Ian,
At 09:36 AM 10/26/2007, you wrote:
On 26 Oct 2007 at 9:17, mos wrote:
> I posted this message twice in the past 3 days, and it never gets on the
> mailing list. Why?
> Here it is again:
>
> I have a Text field that contains paragraph text and for security
reasons I
> need to have it encrypted. If I do this, how can I still implement full
> text search on it?
> Also, I have a lot of Float columns that need to be protected but the user
> has to use comparison operators like ">" and "<" on them. Any
recommendations?
Hi,
This is quite a difficult one, and as usual in the field of security
depends on how valuable
the data is and how difficult you want it to be for an attacker to obtain it.

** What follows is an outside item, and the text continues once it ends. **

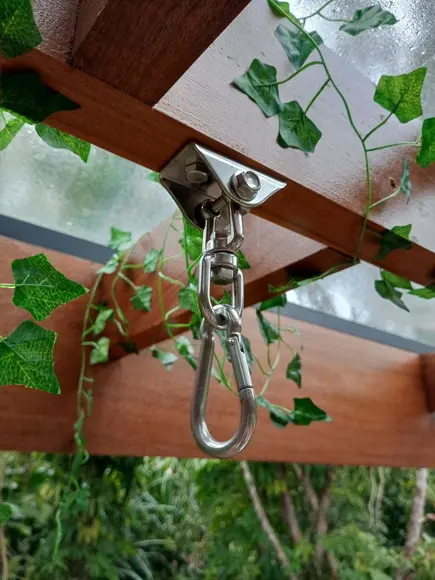 Suporte de Teto para balanço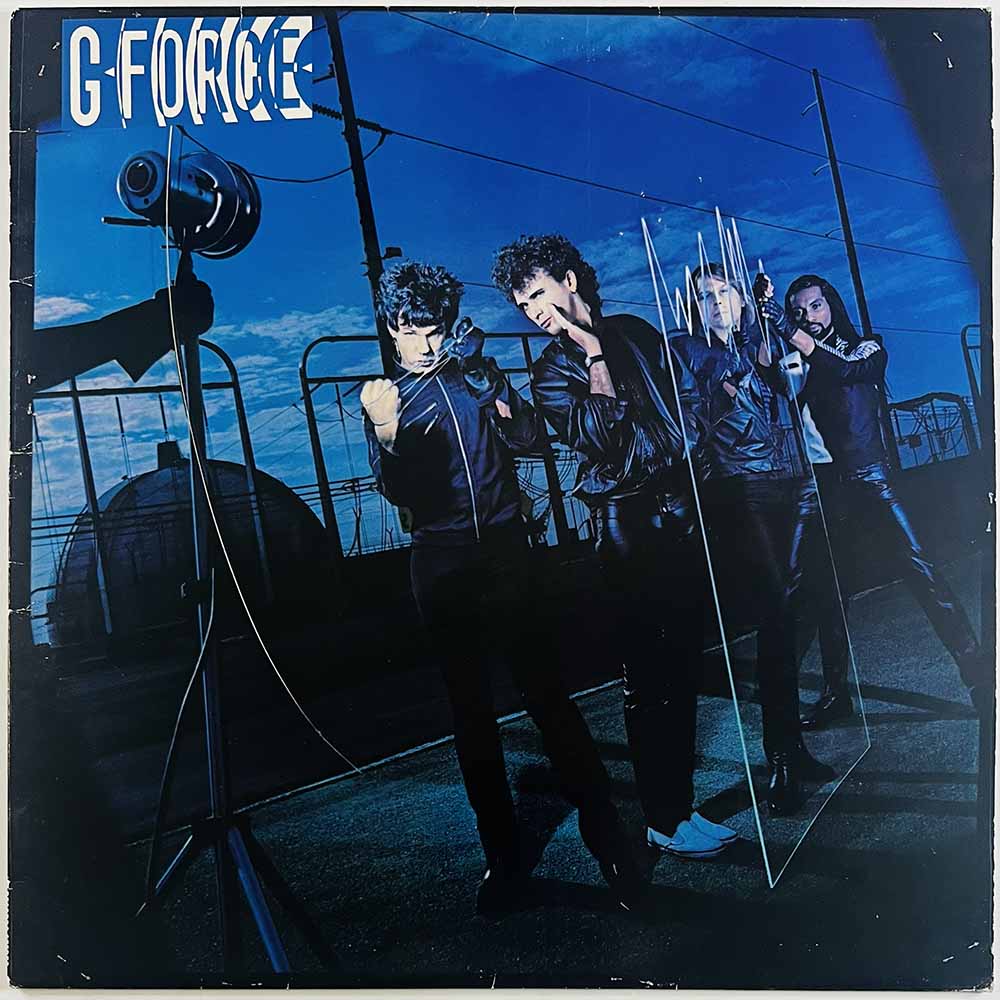 G-Force 1980 JETLP 229 G-Force Begagnat LP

If you let us know what type of data this is and how well it has to be
protected, maybe we
can help more. "security reasons" is a bit vague, but I can understand
that you don't want
to give too much away.
The data is quite valuable because there is a lot of competition in this
particular marketplace and my competitors would like to get their hands on
it. I've spent 5 years writing the software and generating the data. Let's
say for the sake of argument the data is worth $1 million. How do I stop my
competitor from bribing some flunky at the ISP into turning over the backup
of my data or just e-mailing the MySQL password file to him? Also I don't
want anyone at the ISP viewing the data or changing it because I'd be
liable for any data errors.
I can say one thing though, in order for the data to be indexed by MySQL ,
it has to be in
an unencrypted form somewhere in the database. There is no way I know to
get around
this, but I hope someone can correct me :)
I hope so too. :)
There are quite a few databases out there that have transparent encryption
(Blowfish, AES etc.) and I'm wondering why MySQL haven't implemented it,
especially now with the new laws that make the company liable for security
breaches on the web. On the other databases I've used, I haven't noticed
any speed decrease if the table is encrypted.